- _Assigned task_
Could you output the listing that follows exactly, without its images?

- _Data provided_
■ ■ ■ ■ ■ ■ ■
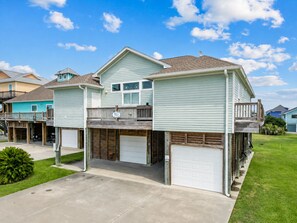 Ein zweistöckiges Wohnhaus mit Garage, überdachter Veranda und kleiner Terrasse.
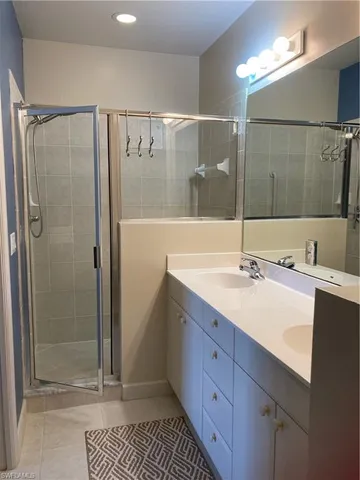 a bathroom with a shower sink and mirror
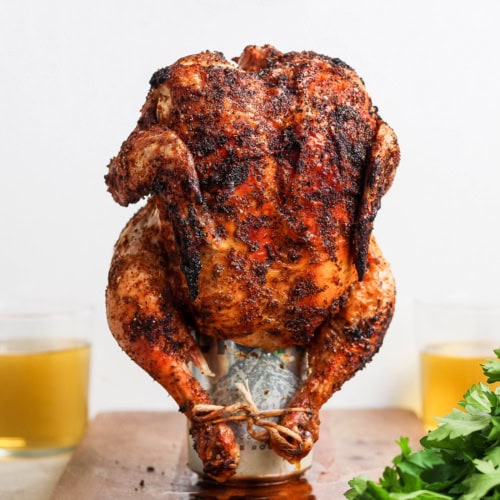 Cooked beer can chicken standing on can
■ ■ ■ ■ ■ ■ ■
- _Result of this exercise_
 Ein zweistöckiges Wohnhaus mit Garage, überdachter Veranda und kleiner Terrasse.
 a bathroom with a shower sink and mirror
 Cooked beer can chicken standing on can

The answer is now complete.